If your building exhausts more than 400 CFM, the Ohio Mechanical Code (OAC 4101:2) requires make-up air. That captures every commercial kitchen with a Type I hood, most paint booths, manufacturing exhaust, and many high-CFM bathroom systems. Without MUA the building goes negative-pressure, which pulls flue gases from gas appliances back into the space (carbon monoxide risk), kills your heating efficiency, and forces doors closed under suction.
What's the difference between direct-fired and indirect-fired MUA?
Direct-fired units burn natural gas directly in the supply airstream - high efficiency (90%+), lower install cost, but the combustion products go into the space. Approved for most commercial kitchens with adequate ventilation. Indirect-fired units use a heat exchanger that separates combustion from supply air - lower thermal efficiency (80%), higher cost, but no combustion products in the airstream. Required for some manufacturing applications and any space where outside-air contamination concerns rule out direct-fired.
My kitchen hood feels weak. Could it be the make-up air?
Very often, yes. If the building can't replace the air the hood is exhausting, the hood under-pulls and grease and smoke spill into the kitchen. The fix is usually one of: undersized MUA, a tripped or failed MUA blower, a closed damper, or a controls fault that's leaving the MUA off while the hood runs. We balance hood and MUA together as part of every commissioning and recommissioning.
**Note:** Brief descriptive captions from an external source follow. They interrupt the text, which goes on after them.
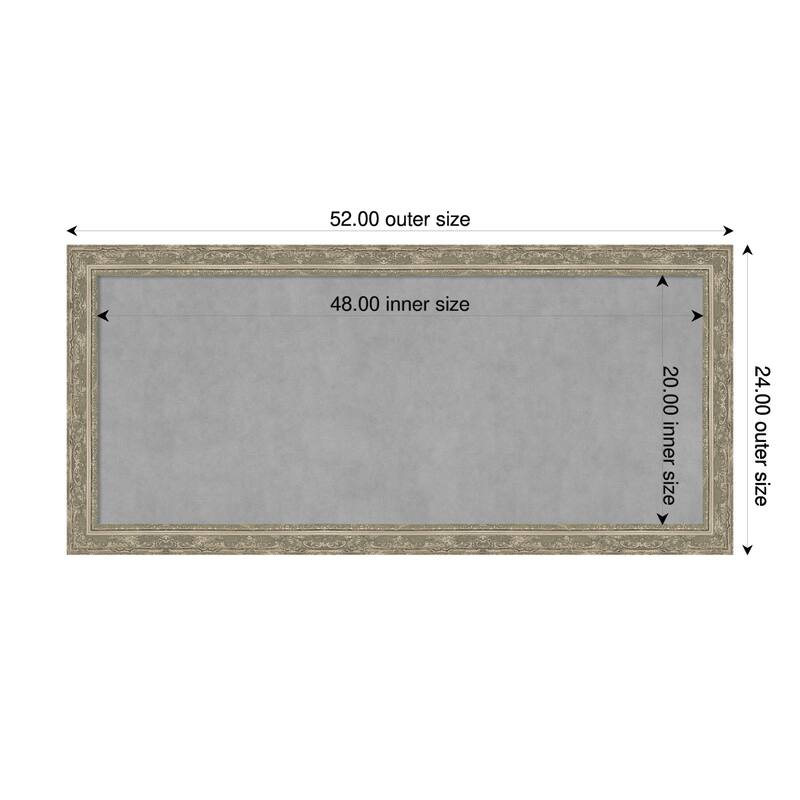 Amanti Art Filigree Gloss Black Framed - 52 x 24 in - Filigree Silver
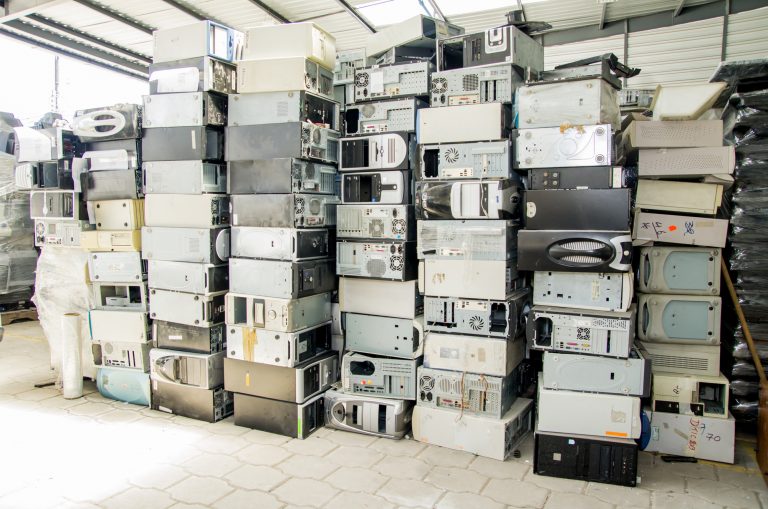 pile of old computers for disposal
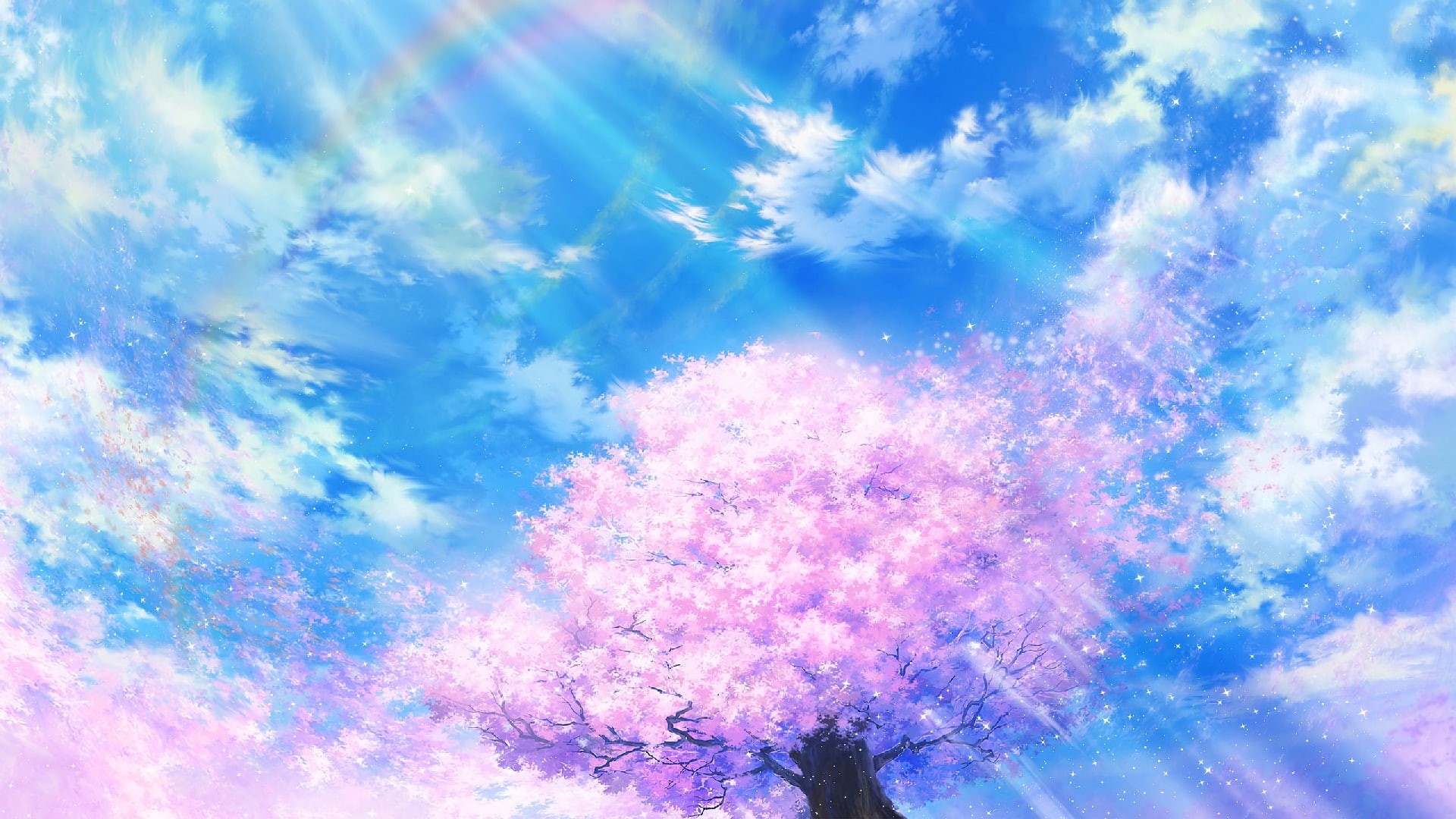 anime art, sunlight, blossom, spring, sakura, 1080P, sky, HD Wallpaper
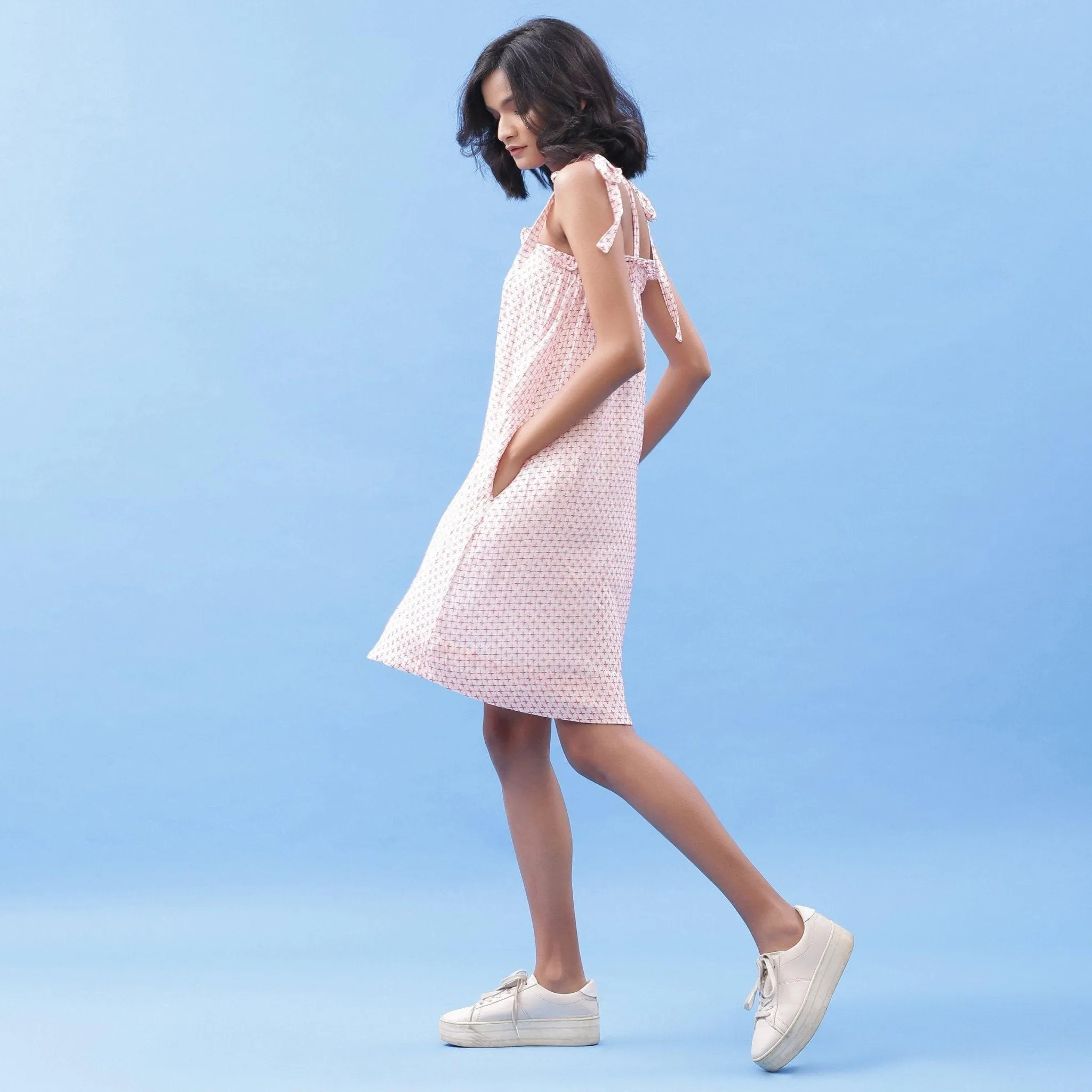 Red and White Geometric Crinkled Cotton A-Line Short Dress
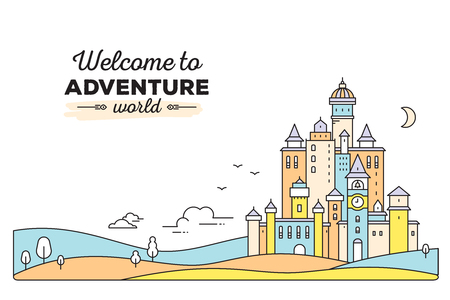 Vector template with colorful illustration of landscape. Castle with tree, cloud on white background with meadow and title. Thin line art design for web, site, advertising, horizontal bannerのイラスト素材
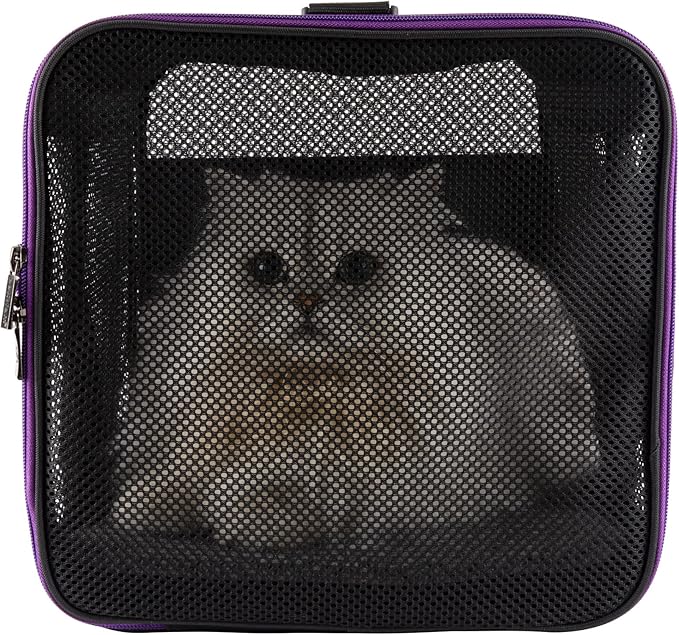 petisfam Soft Pet Carrier for Large and Medium Cats, 2 Kitties, Small Dogs. Easy to Get Cat in, Great for Cats That Don't Like Carriers (Black)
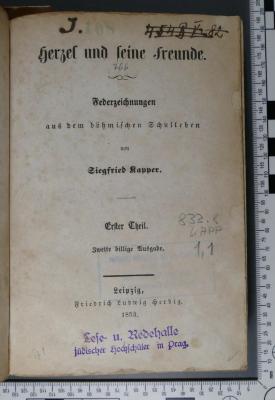 833.8 KAPP 1,1;J 108 ; ;: Herzel und seine Freunde. Federzeichnungen aus dem böhmischen Schulleben (1853)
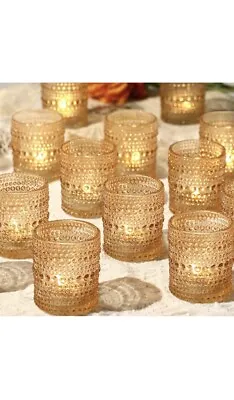 24 Pcs Gold Votive Candle Holders For Table Centerpieces Glass Candle Holders • $30.08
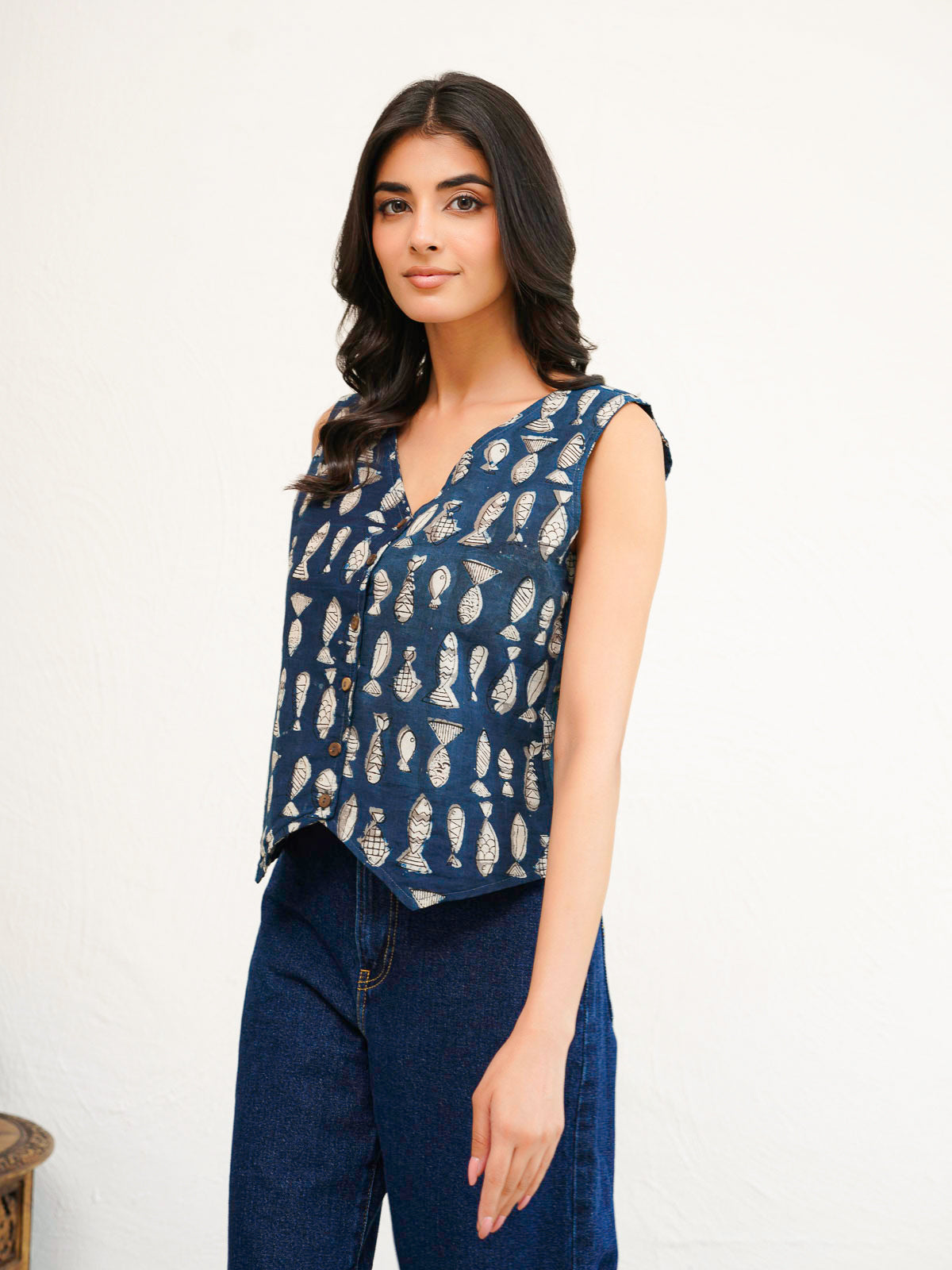 Sleeveless Cotton Block Printed Kothi Top Fish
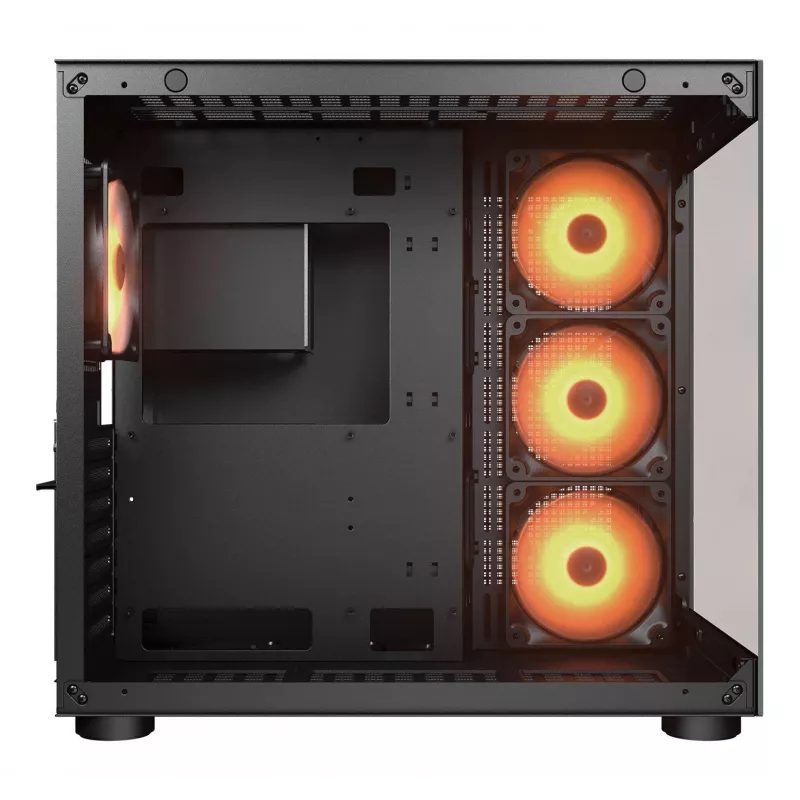 Caixa PC Midi-Tower COUGAR FV150 ARGB — Preto, ATX/MicroATX/Mini-ITX, 3x120 mm frente + 1x120 mm traseira, 2x3,5 polegadas & 2x2,5 polegadas baías
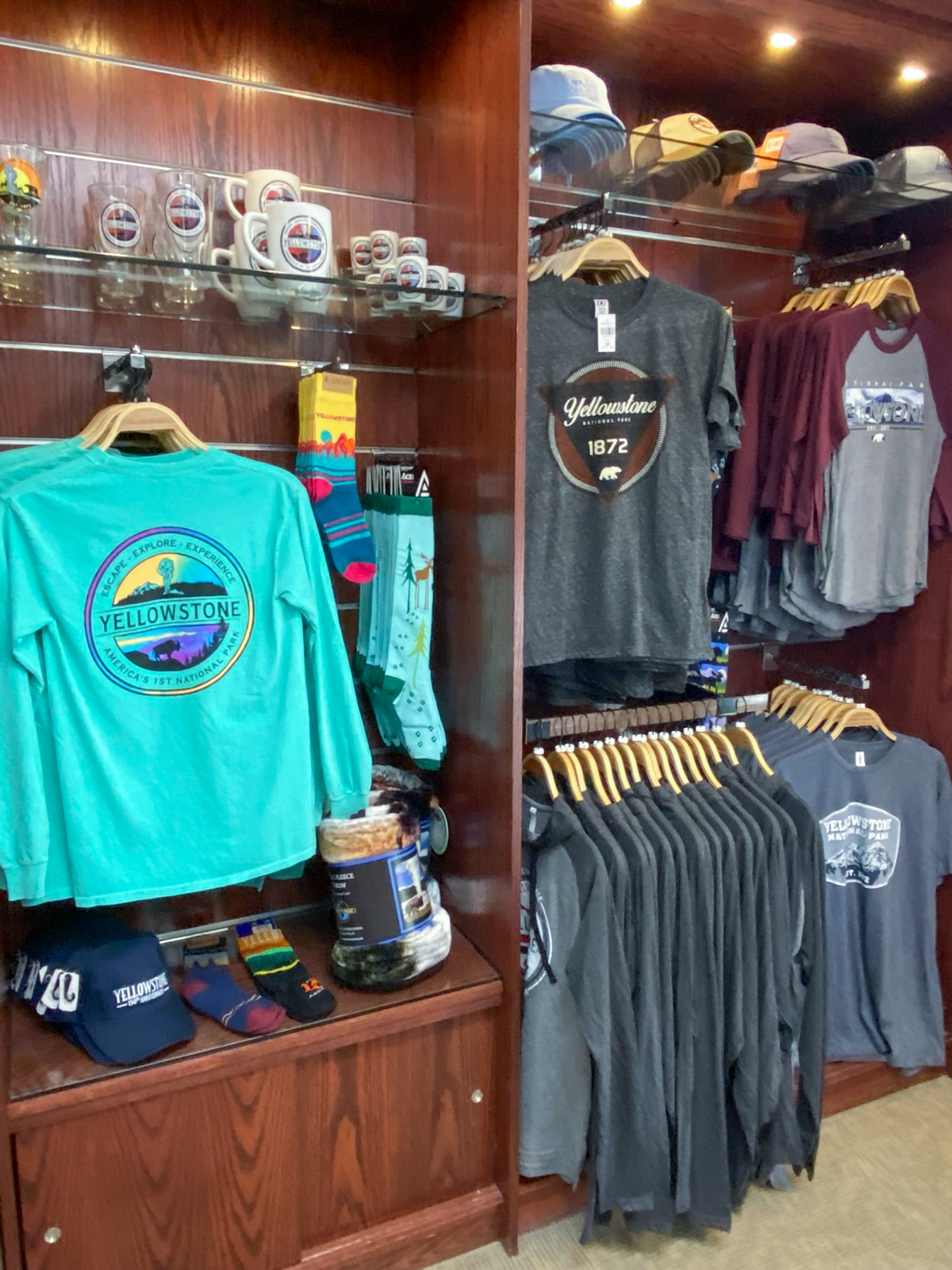 Yellowstone t-shirts at Snow Lodge Gift Shop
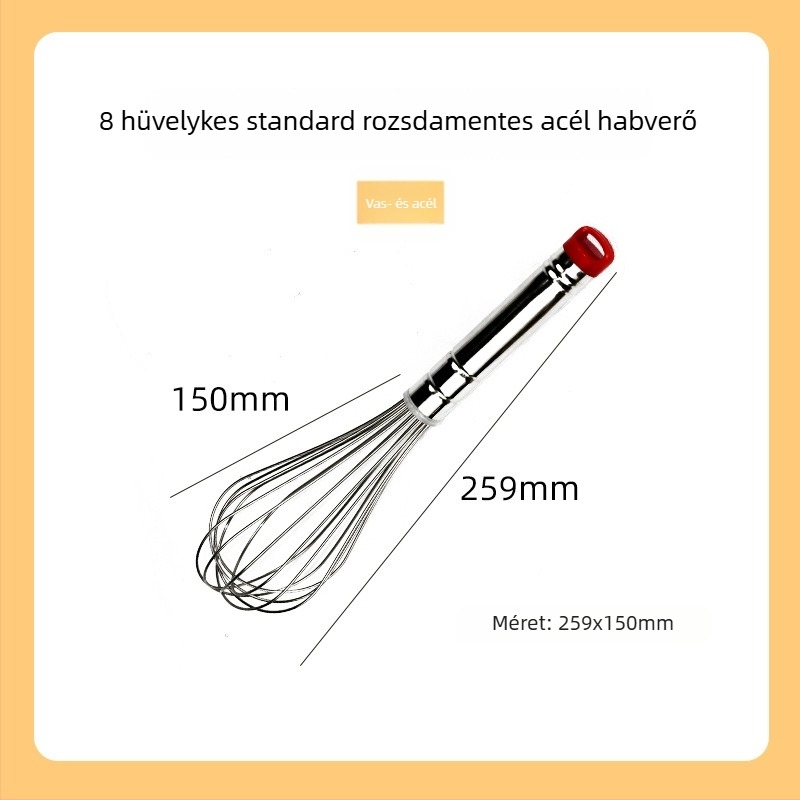 Kézi tojásfelverő 304 rozsdamentes acélból, kerek fogantyúval, Hongping márka, modern minimalista stílus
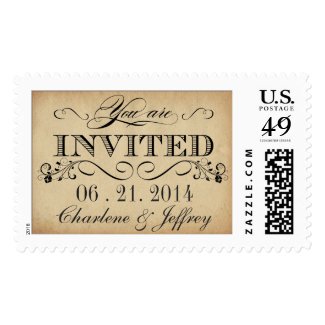 Vintage Rustic Parchment Wedding Invite Postage Stamps at UniqueRusticWeddingInvitations.com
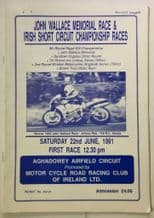 AGHADOWEY (.N.I.)  1991 June 22 Motocycle race programme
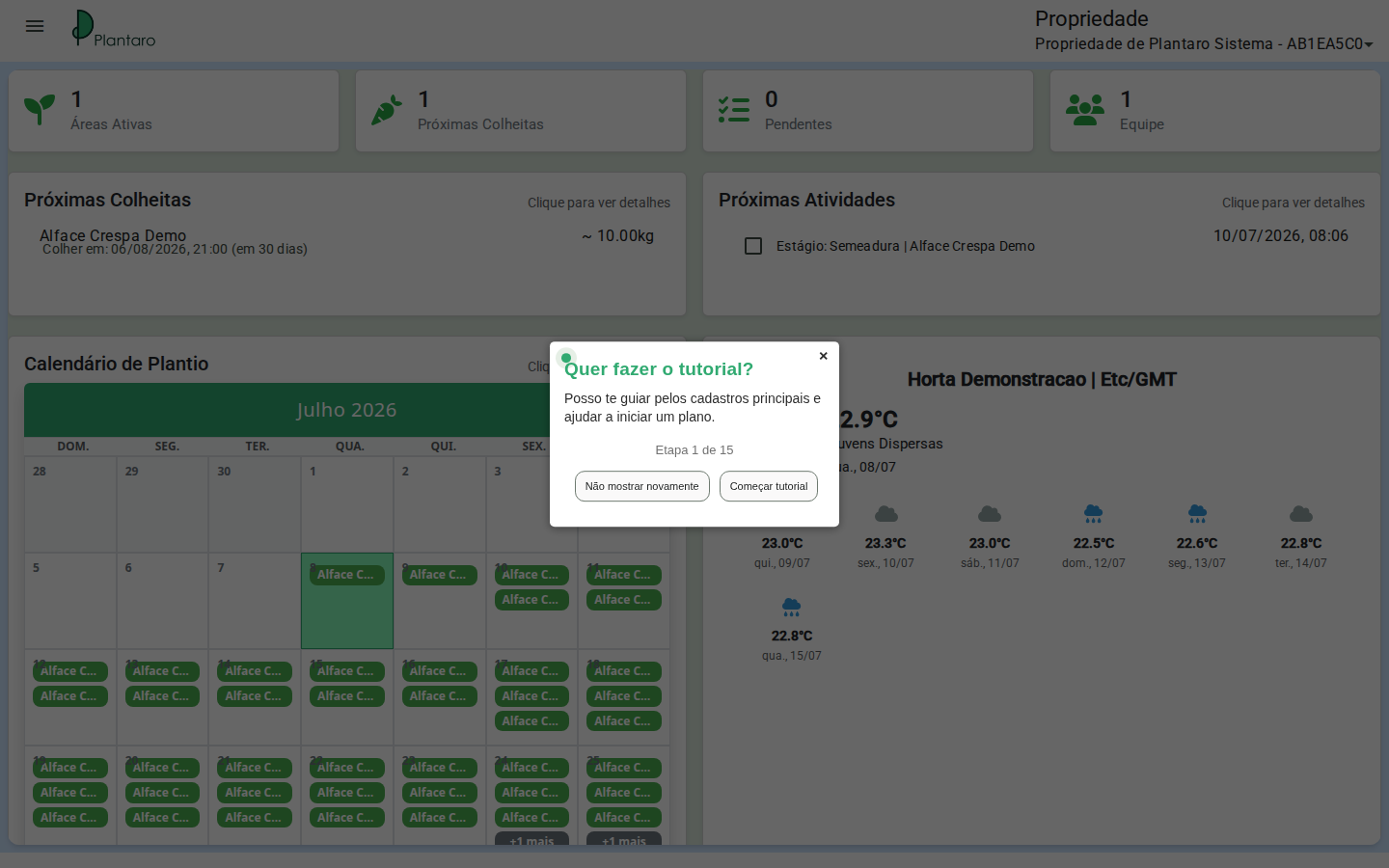 Dashboard with operational data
Can you add make-up air to an existing exhaust hood?
Yes. Retrofitting MUA onto an older restaurant or manufacturing exhaust is common - usually triggered by a health inspection, an OAC 4101:2 finding, or an owner who's noticed the dining room going cold every time the hood runs. We size the unit to the existing exhaust CFM, run gas and electrical, fabricate or buy curb and ductwork, and commission the system with the hood. Roof or wall-mount depending on the building.
What NFPA 96 requirements apply to my commercial kitchen?
NFPA 96 covers commercial kitchen ventilation - hood construction, duct routing, fire suppression, cleaning intervals, and the make-up air system. Key items: hood and MUA must be interlocked (MUA runs when hood runs), grease ducts must be sealed and accessible for cleaning, and hood cleaning frequency depends on cooking volume (quarterly for moderate-volume, monthly for high-volume frying or charbroiling). We document NFPA 96 compliance as part of every MUA project and service visit.
Why is my dining room cold even though the thermostat reads 72?
Negative pressure pulling cold outside air through every door, window seal, and exhaust penetration. If your kitchen exhaust is running hard and your MUA isn't keeping up, the building goes negative, and the thermostat sensor on the wall reads 72 while the customer-facing dining room near the entrance reads 62. The fix is rebalancing hood and MUA, or upsizing the MUA if it's chronically undersized.
Do you service Reznor, Modine, Greenheck, and Captive-Aire?
Yes - all four are common across Northeast Ohio commercial kitchens and manufacturing. Reznor heavy in this region for both MUA and unit heaters. Greenheck and Captive-Aire common in newer restaurant installs with packaged hood-and-MUA systems. We service heat exchangers, gas valves, blower motors, controls, and the interlock wiring tying MUA to hood.